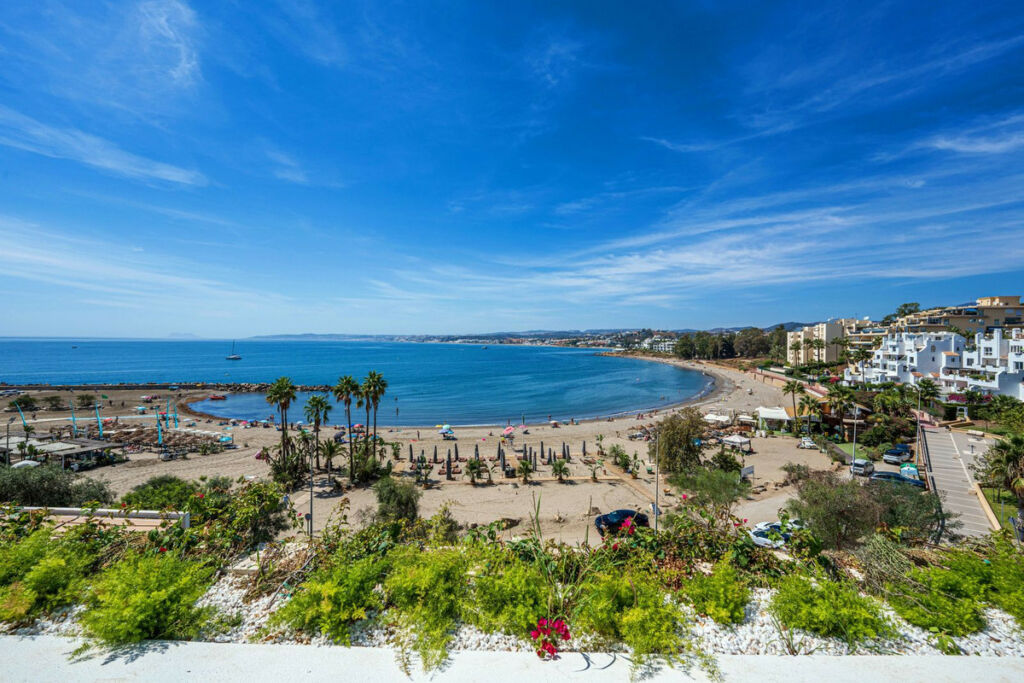 Middle Floor Apartment Estepona Málaga - image 49
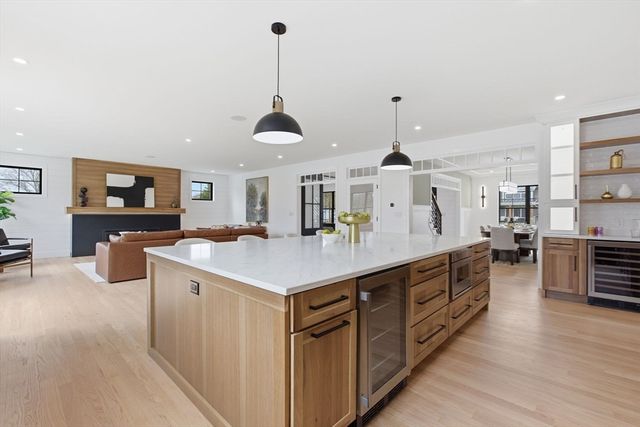 5 Lisa St, Burlington, MA 01803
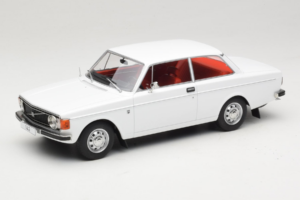 Volvo 142 White MCG 1:18 MCG18445 Diecast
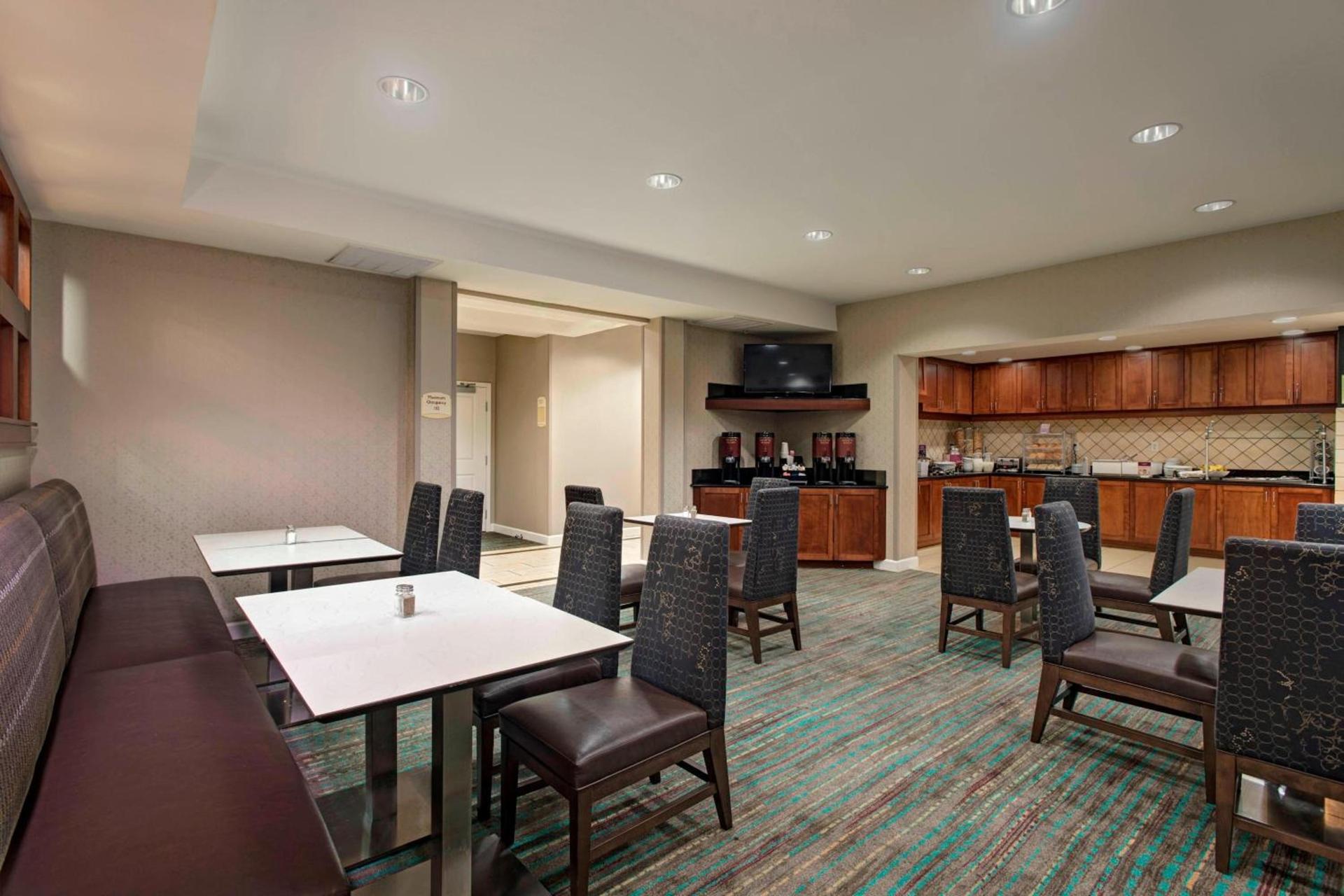 Residence Inn Bryan College Station photo 17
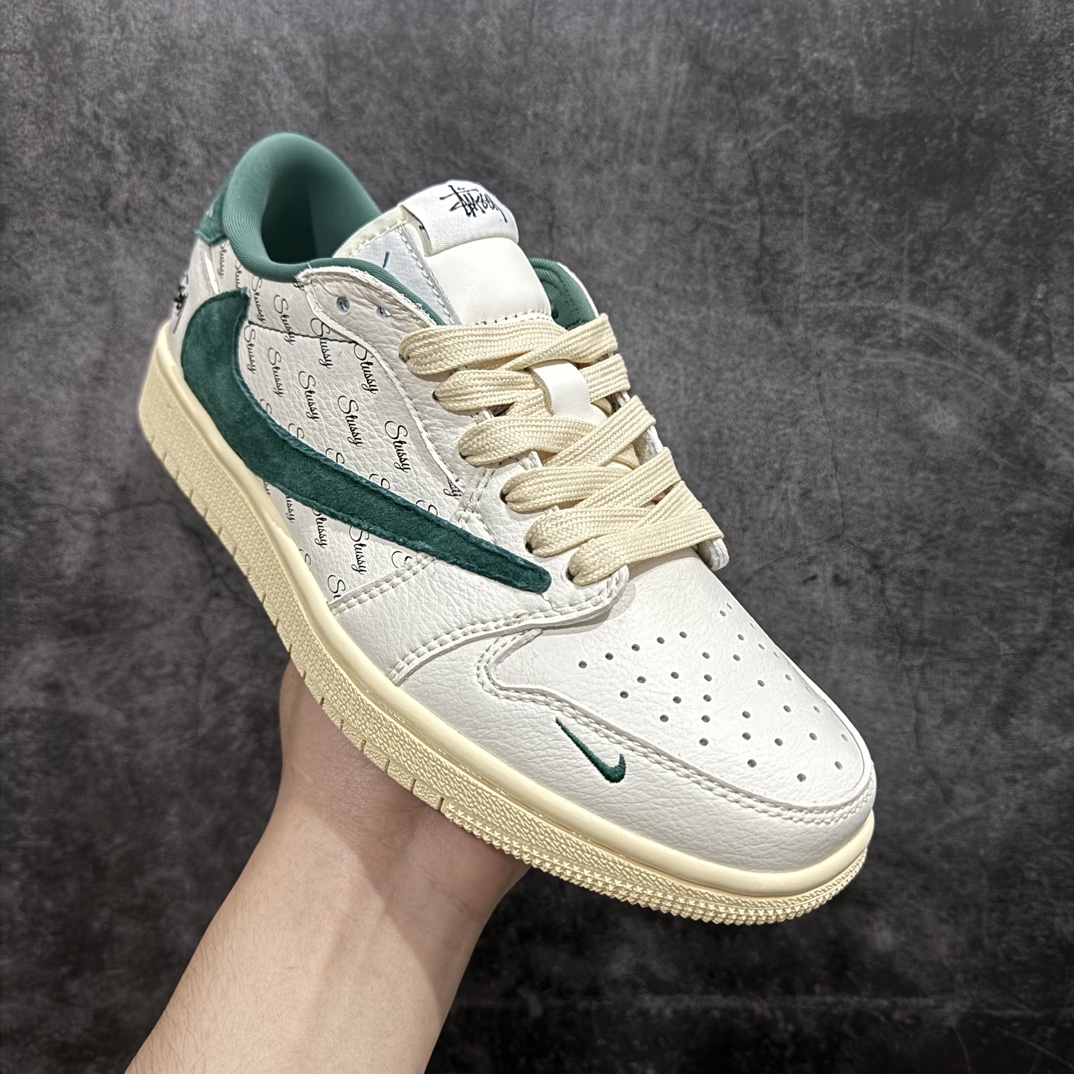 图片[3]-【定制版】Travis Scott x Fragment Design x Air Jordan 1 Low OG SP AJ1 乔1 斯图西联名米绿生胶 低帮文化休闲板鞋 YQ2088-669rnn多方联名合作融合了Travis Scott 独特的音乐风格，藤原浩个性的设计风格以及Jordan品牌的经典元素 使其成为一双具有独特身份和价值的鞋子 清新而立体的外观加上联名标识更突出了其独特身份 这种配色方案显示出活力和时尚感 在视觉上引人注目  鞋身的质感和细腻的细节处理使其显得高端而格调十足  这款“倒钩”联名是设计与创意完美结合  融合多方的个性风格是一款备受瞩目的潮流鞋款r 尺码：36 36.5 37.5 38 38.5 39 40 40.5 41 42 42.5 43 44 44.5 45  编码：HXS320340-鞋库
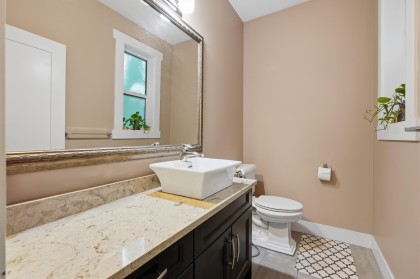 Photo 10 at 631 W 24th Close, Mosquito Creek, North Vancouver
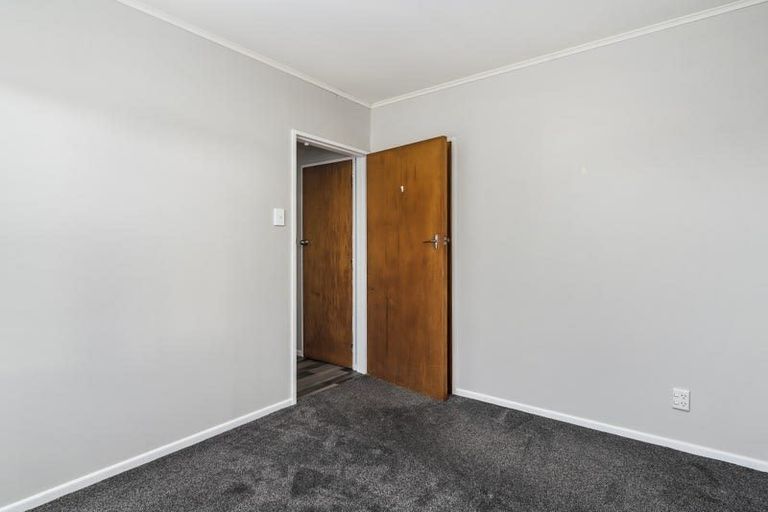 Photo of property in 2/145 College Street, Awapuni, Palmerston North, 4412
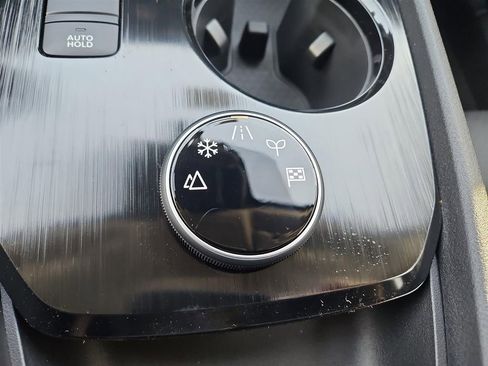 New 2026 Nissan Rogue SV image 10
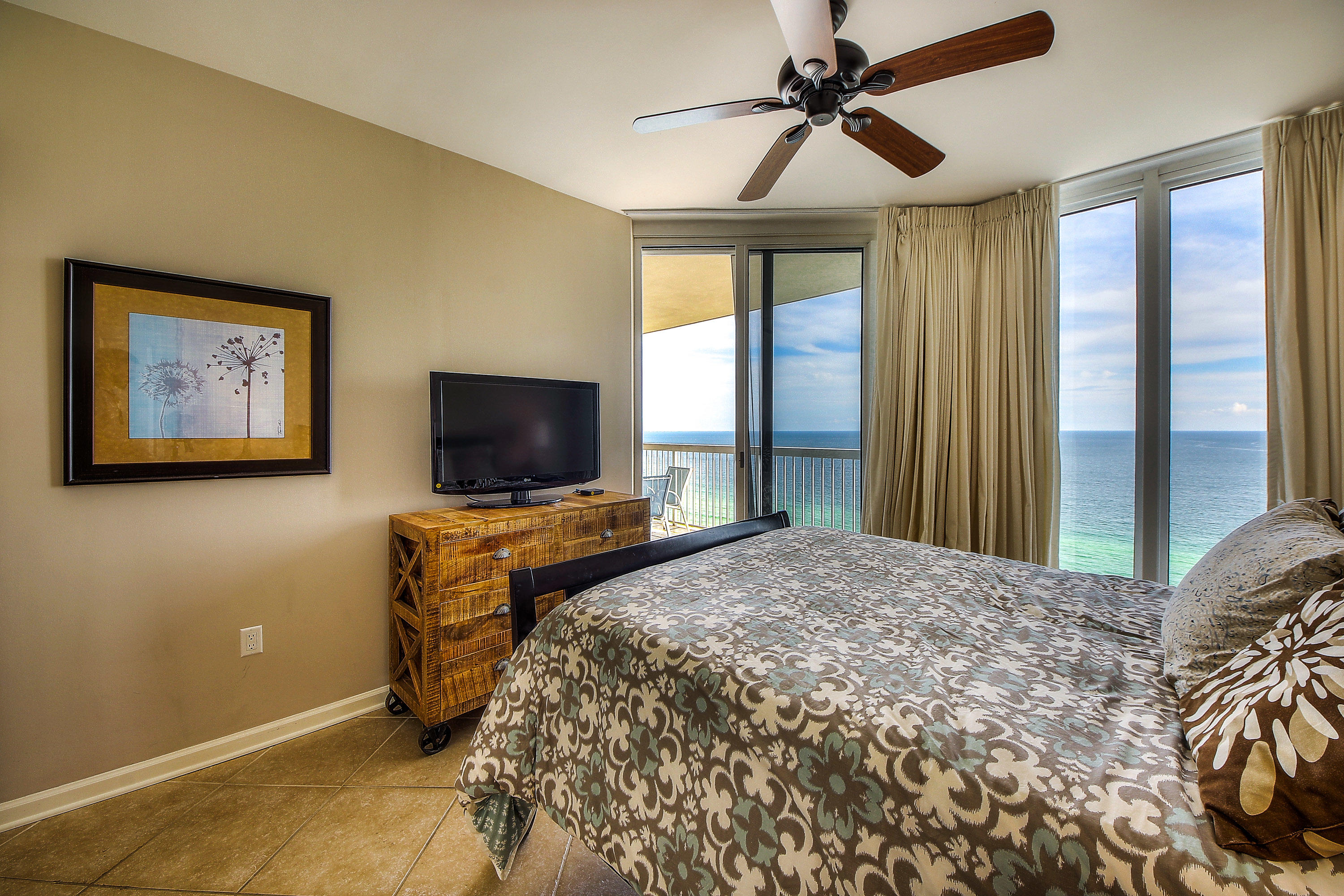 SILVER BEACH TOWERS WEST - Residential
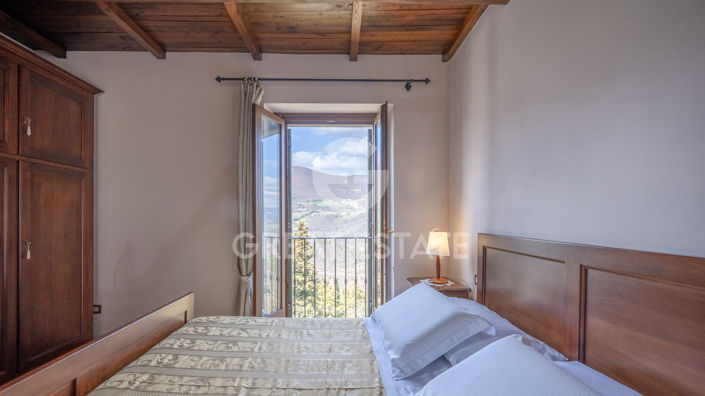 Image No.32-8 Bed Townhouse for sale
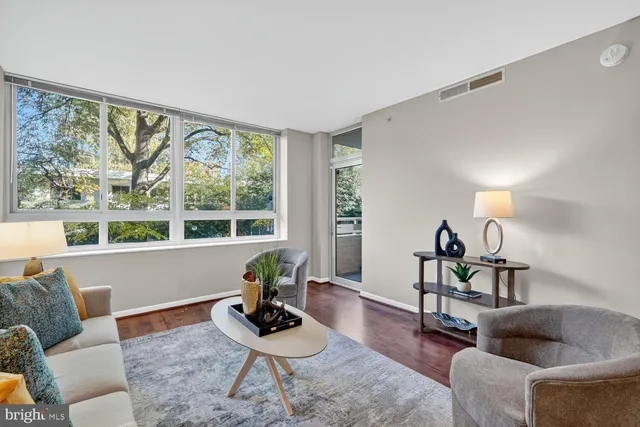 $418,000 | 355 I Street Southwest, Unit 121, Washington, DC 20024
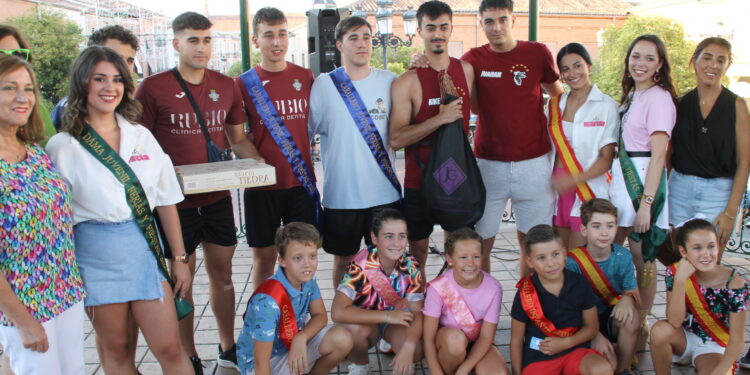 La peña Diexters gana una concurrida y animada yincana que llena de ambiente la plaza de España en Peñaranda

### [INSTRUCTIONS FOR THE TASK]
Every entry should be written out word for word, except for its pictures.

### [ANSWER BELOW]
 Middle Floor Apartment Estepona Málaga - image 49
 5 Lisa St, Burlington, MA 01803
 Volvo 142 White MCG 1:18 MCG18445 Diecast
 Residence Inn Bryan College Station photo 17
 图片[3]-【定制版】Travis Scott x Fragment Design x Air Jordan 1 Low OG SP AJ1 乔1 斯图西联名米绿生胶 低帮文化休闲板鞋 YQ2088-669rnn多方联名合作融合了Travis Scott 独特的音乐风格，藤原浩个性的设计风格以及Jordan品牌的经典元素 使其成为一双具有独特身份和价值的鞋子 清新而立体的外观加上联名标识更突出了其独特身份 这种配色方案显示出活力和时尚感 在视觉上引人注目  鞋身的质感和细腻的细节处理使其显得高端而格调十足  这款“倒钩”联名是设计与创意完美结合  融合多方的个性风格是一款备受瞩目的潮流鞋款r 尺码：36 36.5 37.5 38 38.5 39 40 40.5 41 42 42.5 43 44 44.5 45  编码：HXS320340-鞋库
 Photo 10 at 631 W 24th Close, Mosquito Creek, North Vancouver
 Photo of property in 2/145 College Street, Awapuni, Palmerston North, 4412
 New 2026 Nissan Rogue SV image 10
 SILVER BEACH TOWERS WEST - Residential
 Image No.32-8 Bed Townhouse for sale
 $418,000 | 355 I Street Southwest, Unit 121, Washington, DC 20024
 La peña Diexters gana una concurrida y animada yincana que llena de ambiente la plaza de España en Peñaranda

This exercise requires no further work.